[[ EXERCISE INPUT open ]]

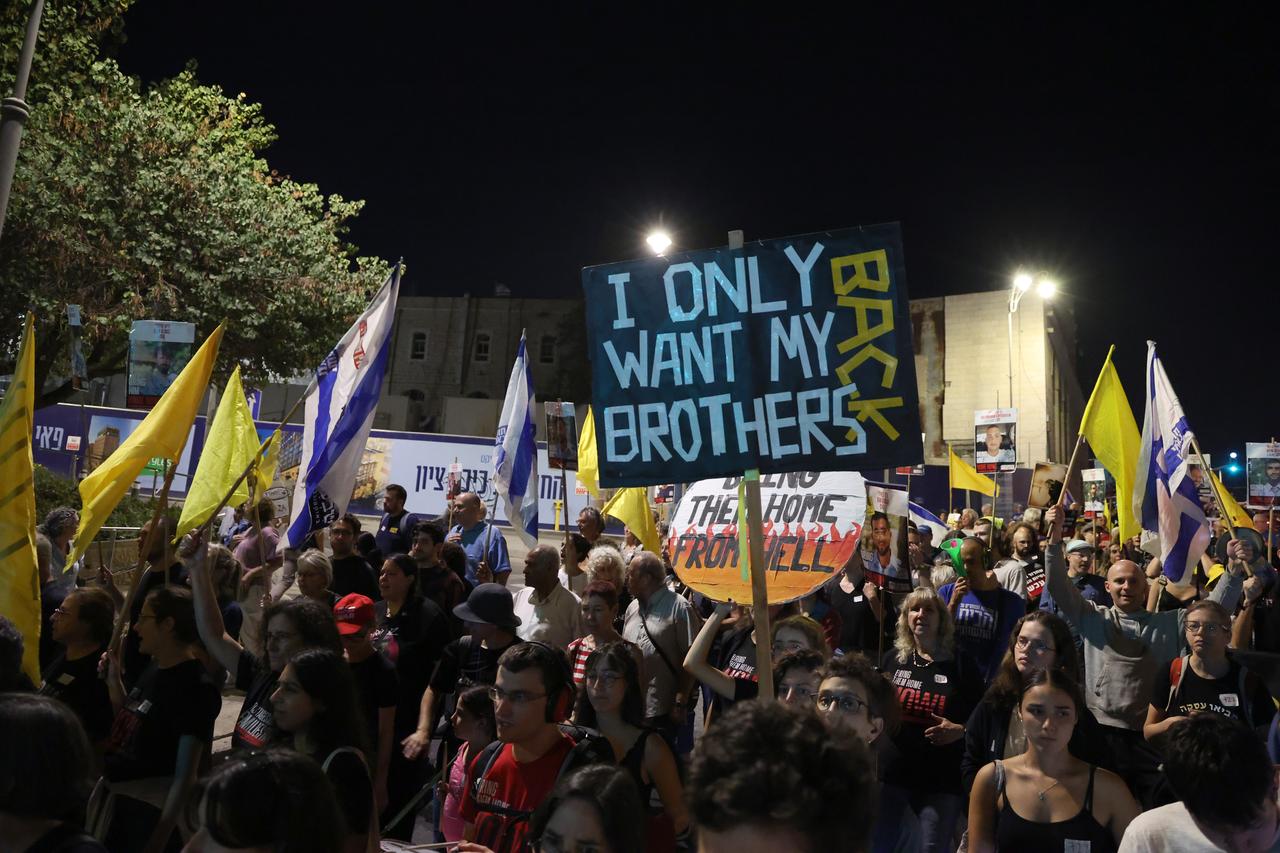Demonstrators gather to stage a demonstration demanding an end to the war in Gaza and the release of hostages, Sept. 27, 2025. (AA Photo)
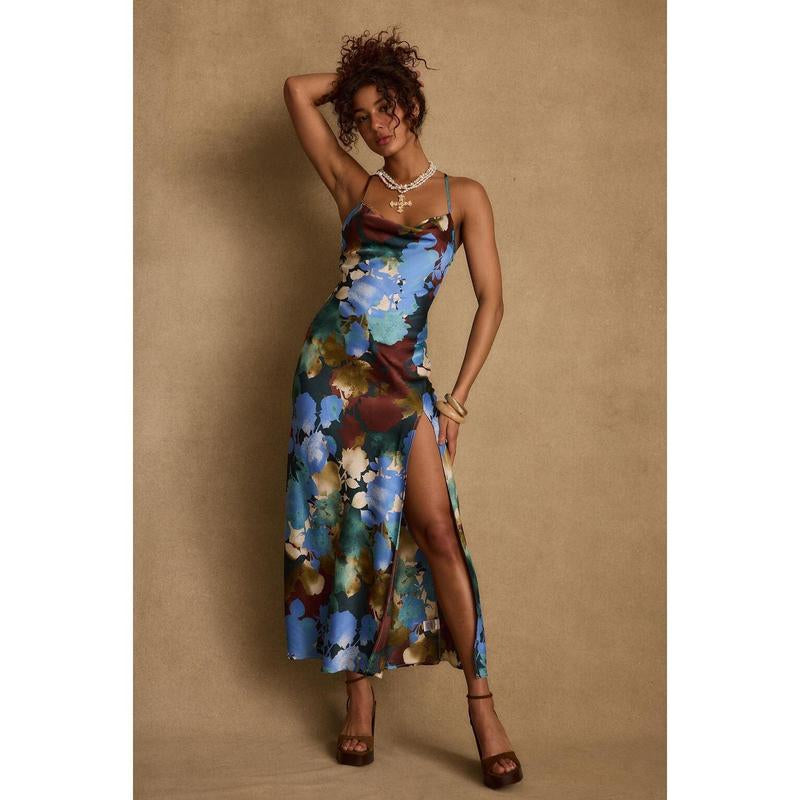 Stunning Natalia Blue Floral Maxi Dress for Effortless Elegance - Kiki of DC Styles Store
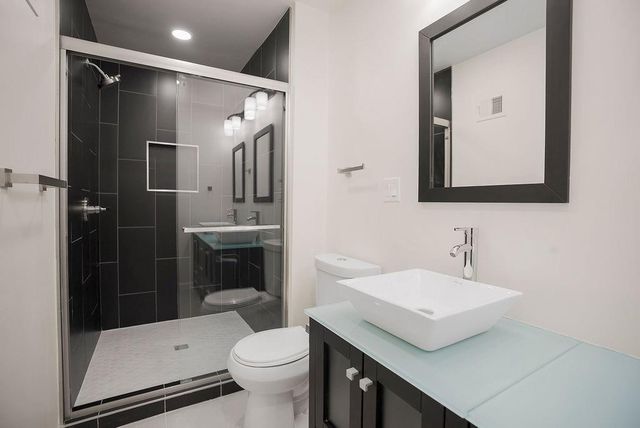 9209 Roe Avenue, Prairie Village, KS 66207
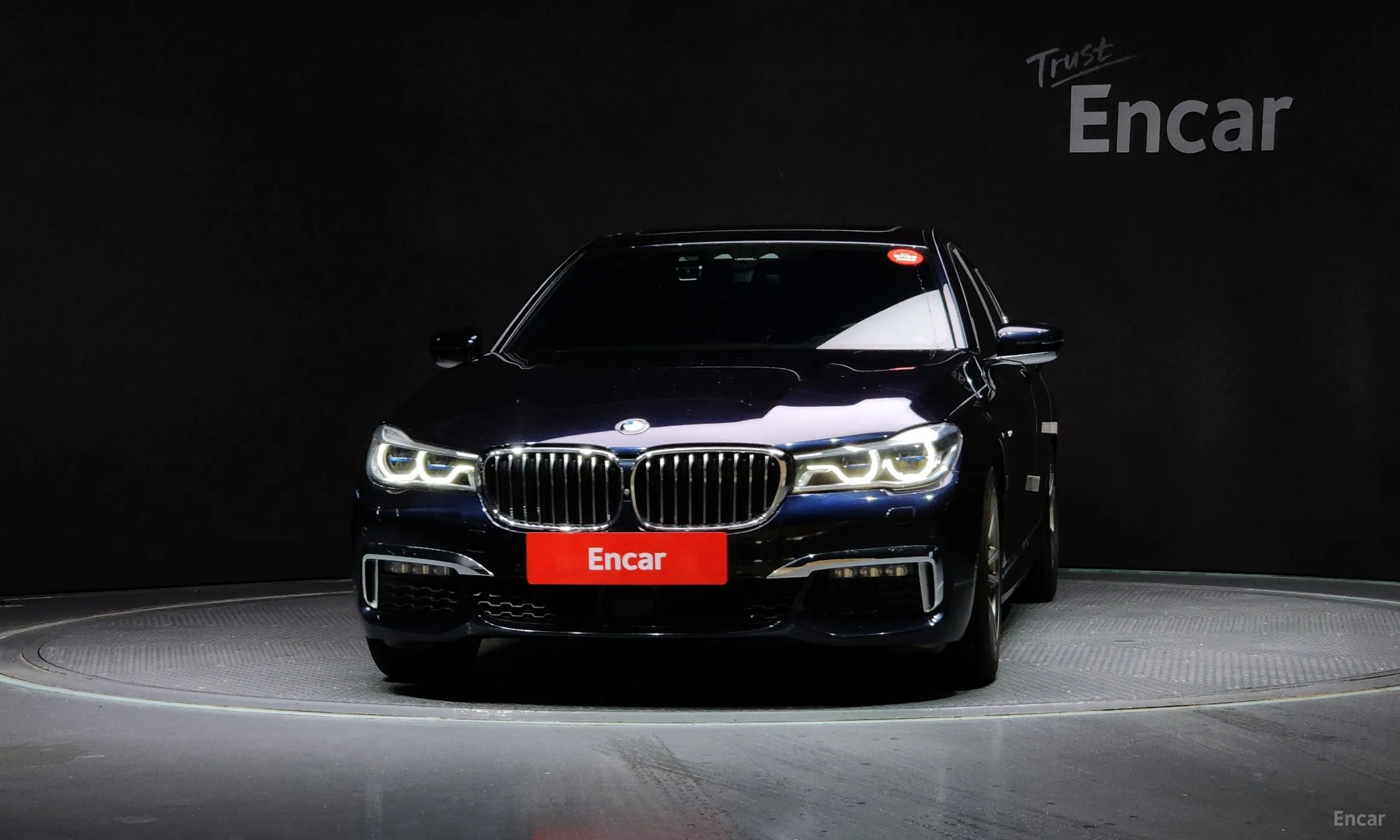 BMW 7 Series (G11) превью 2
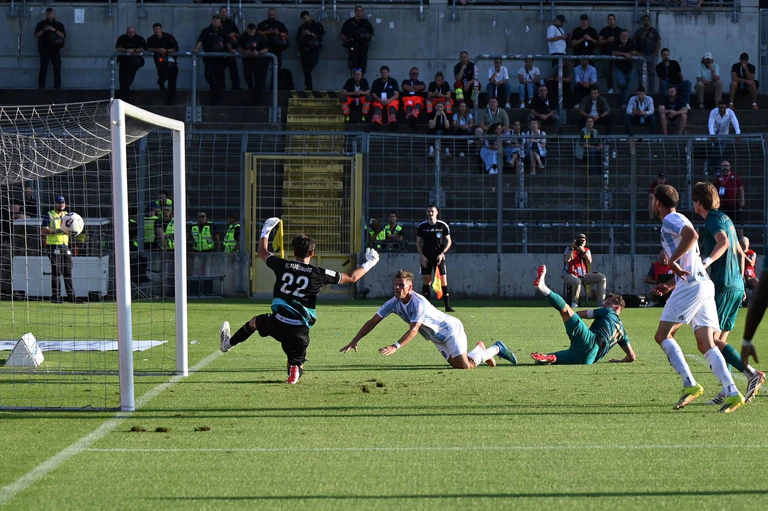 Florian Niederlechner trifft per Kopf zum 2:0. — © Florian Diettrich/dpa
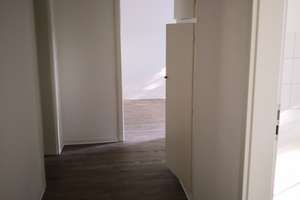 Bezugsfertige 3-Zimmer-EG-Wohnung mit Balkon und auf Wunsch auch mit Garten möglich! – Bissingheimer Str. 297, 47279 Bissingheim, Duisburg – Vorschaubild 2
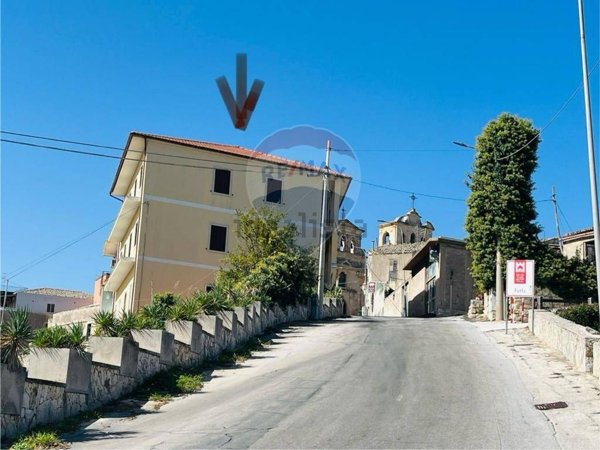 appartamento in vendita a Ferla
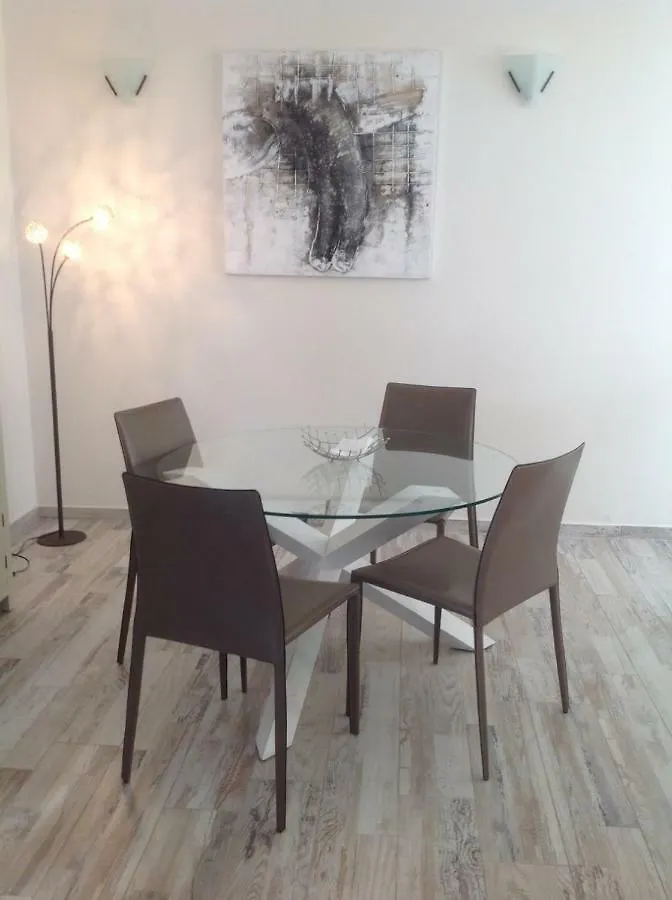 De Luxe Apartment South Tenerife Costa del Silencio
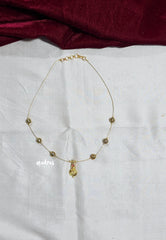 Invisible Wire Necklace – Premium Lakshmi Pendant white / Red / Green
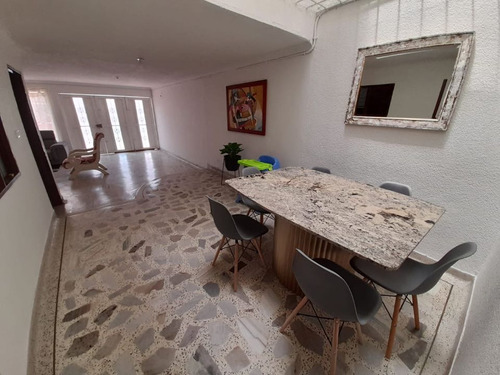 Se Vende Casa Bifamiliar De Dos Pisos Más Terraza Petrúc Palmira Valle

[[ EXERCISE INPUT closed ]]

### EXERCISE INSTRUCTIONS:
Transcribe exactly the lines above, beginning at the one with "Stunning Natalia Blue" and going up to and including the one with "Florian Niederlechner trifft". Pictures do not belong in the copy.

### SOLUTION:
 Stunning Natalia Blue Floral Maxi Dress for Effortless Elegance - Kiki of DC Styles Store
 9209 Roe Avenue, Prairie Village, KS 66207
 BMW 7 Series (G11) превью 2
 Florian Niederlechner trifft per Kopf zum 2:0. — © Florian Diettrich/dpa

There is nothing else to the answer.